WORK INSTRUCTION:
Copy out the whole listing exactly as given. Skip the pictures.

INFORMATION PROVIDED:
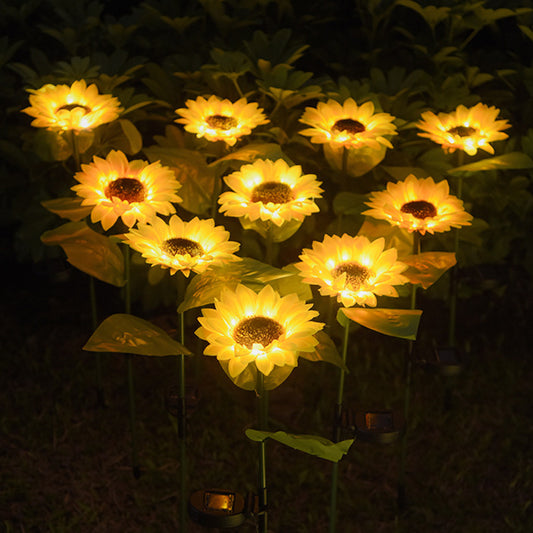NEW LED Solar Sunflower Lamps Solar Light Pathway Landscape Decorative Lights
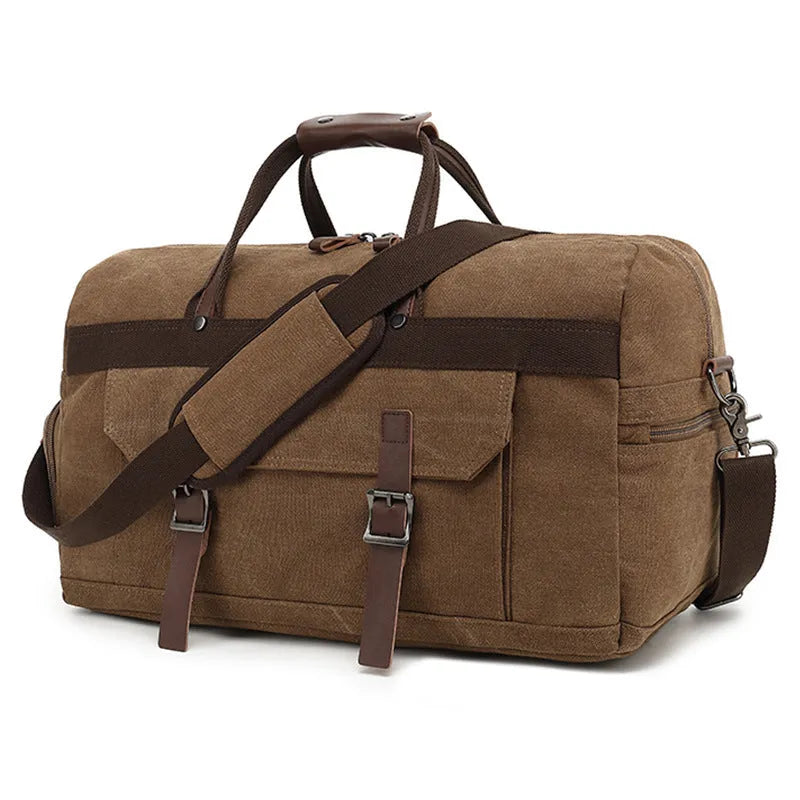 Large capacity canvas crossbody travel bag in black, brown, or grey with visible sewing line detailing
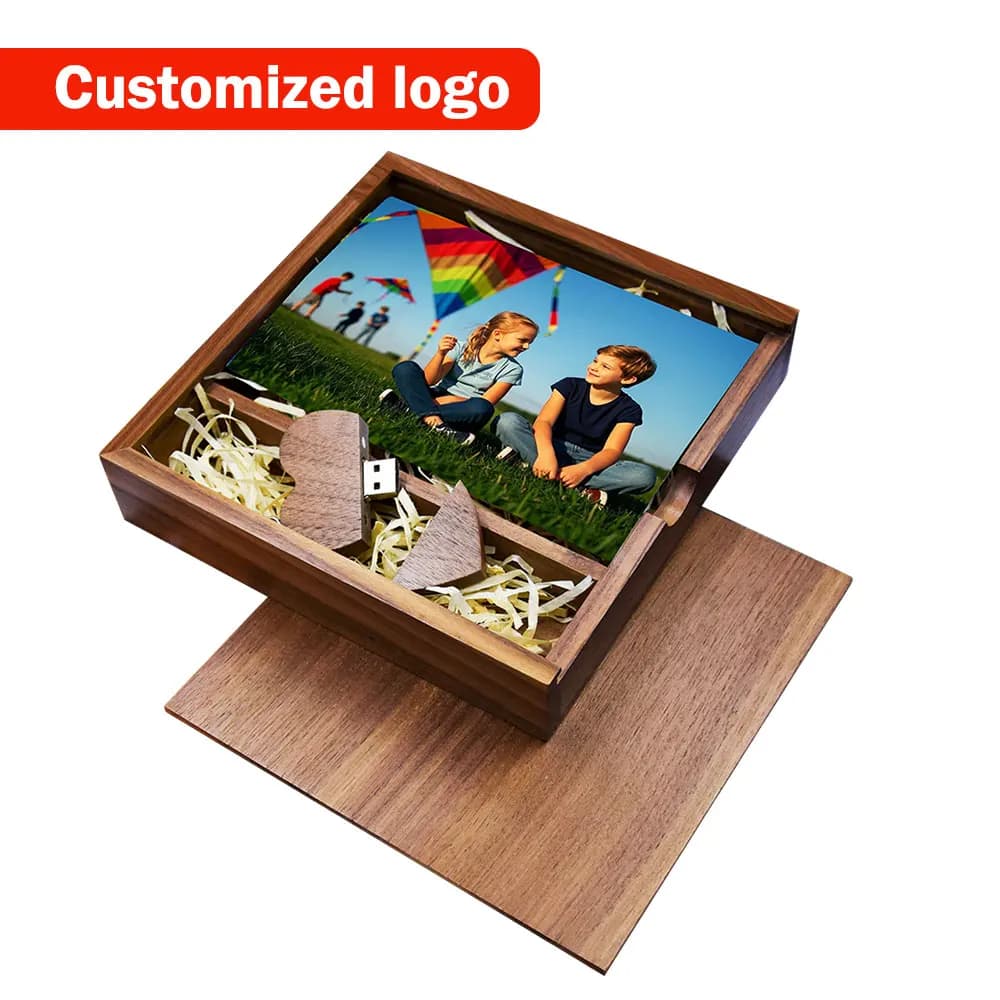 Album fotografico in noce con logo personalizzato gratuito + scatola USB, chiavetta USB, pendrive 8GB 16GB 32GB 64GB, regalo di nozze
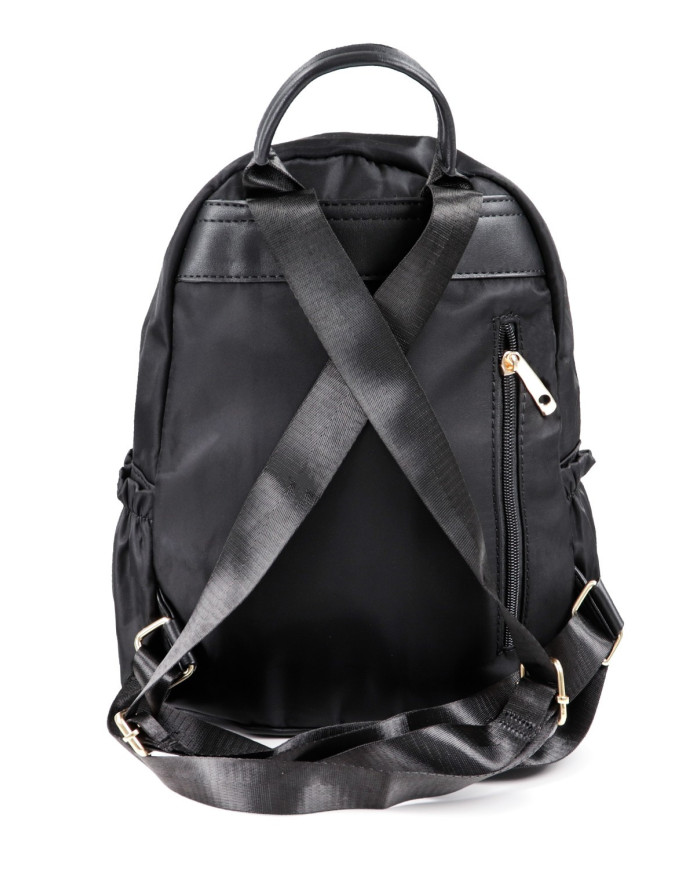 Black Backpack with Side Pockets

RESPONSE TO THIS TASK:
NEW LED Solar Sunflower Lamps Solar Light Pathway Landscape Decorative Lights
 Large capacity canvas crossbody travel bag in black, brown, or grey with visible sewing line detailing
 Album fotografico in noce con logo personalizzato gratuito + scatola USB, chiavetta USB, pendrive 8GB 16GB 32GB 64GB, regalo di nozze
 Black Backpack with Side Pockets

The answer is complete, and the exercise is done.